ABOUT THIS EXERCISE: Print exactly the lines of the listing below from the one containing "Tangsel Darurat Sampah..." through the final line, both included, and no pictures.

(Beginning of ENTRIES SUPPLIED)

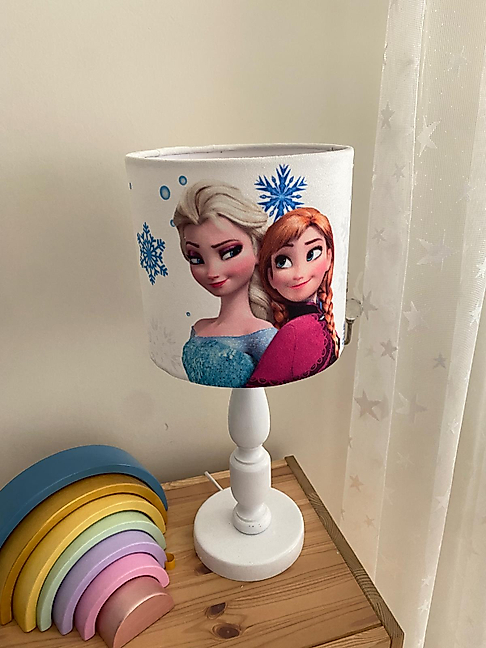 Minibabyrooms Elsa ve Anna Desenli Ahşap Oyma Ayak Abajur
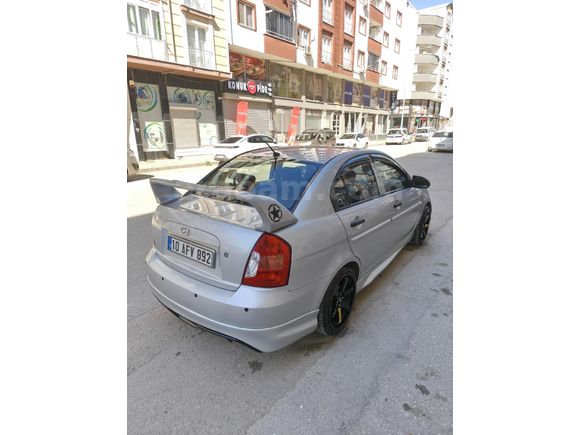 Sahibinden Hyundai Accent Era 1.4 Team 2010 Model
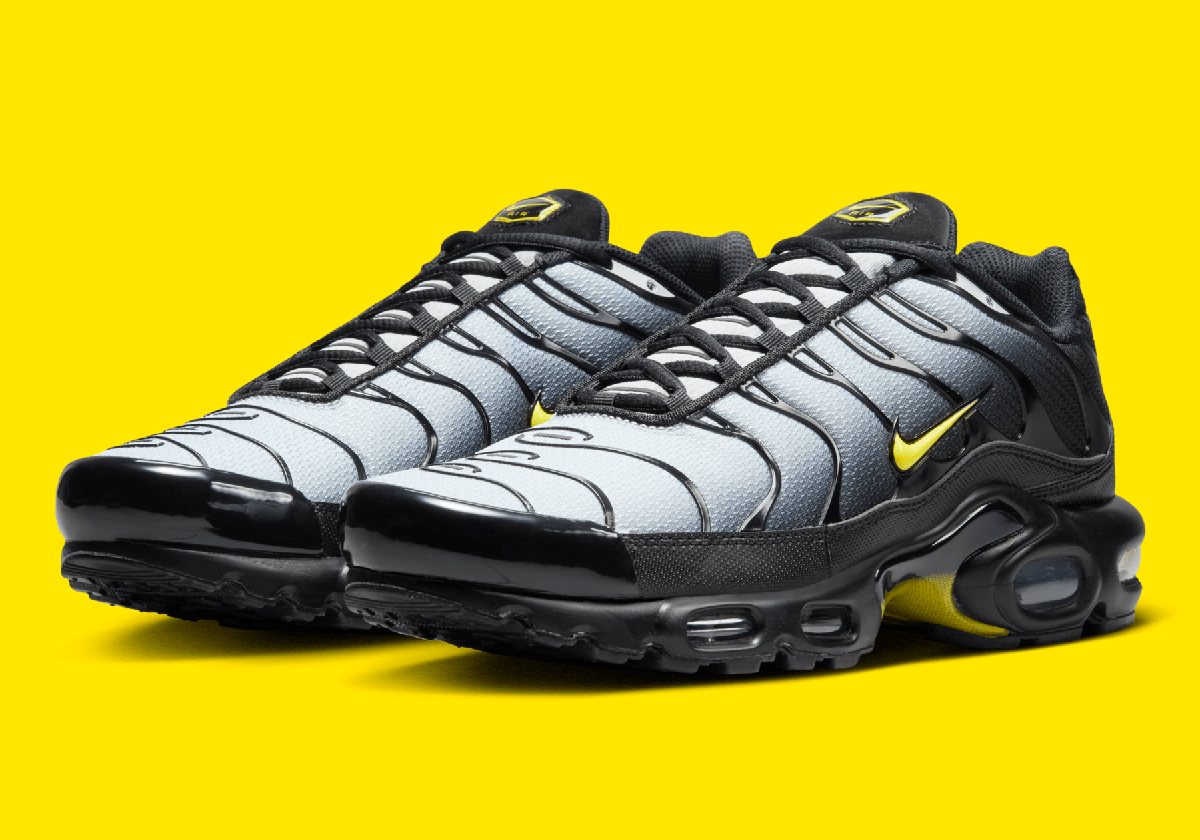 Nike Accents The Air Max Plus With "Opti Yellow"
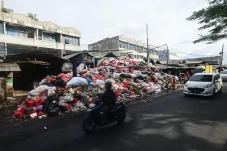 Tangsel Darurat Sampah...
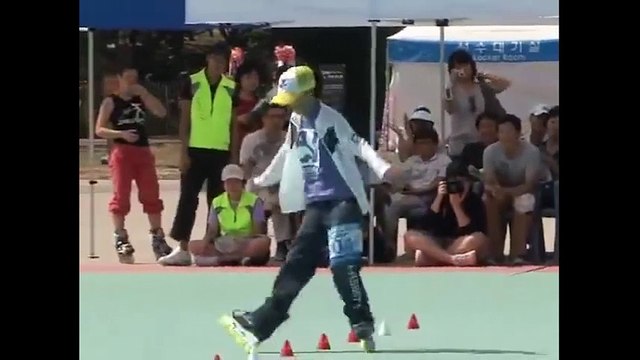 Cô bé nhảy trên giày patin cực đỉnh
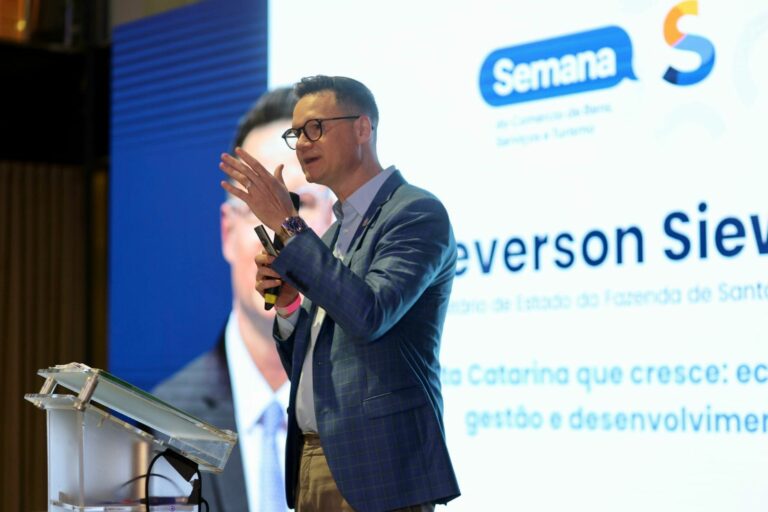 Estado amplia diálogo com setor produtivo em evento da Fecomércio em Florianópolis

(End of ENTRIES SUPPLIED)

RESULT:
 Tangsel Darurat Sampah...
 Cô bé nhảy trên giày patin cực đỉnh
 Estado amplia diálogo com setor produtivo em evento da Fecomércio em Florianópolis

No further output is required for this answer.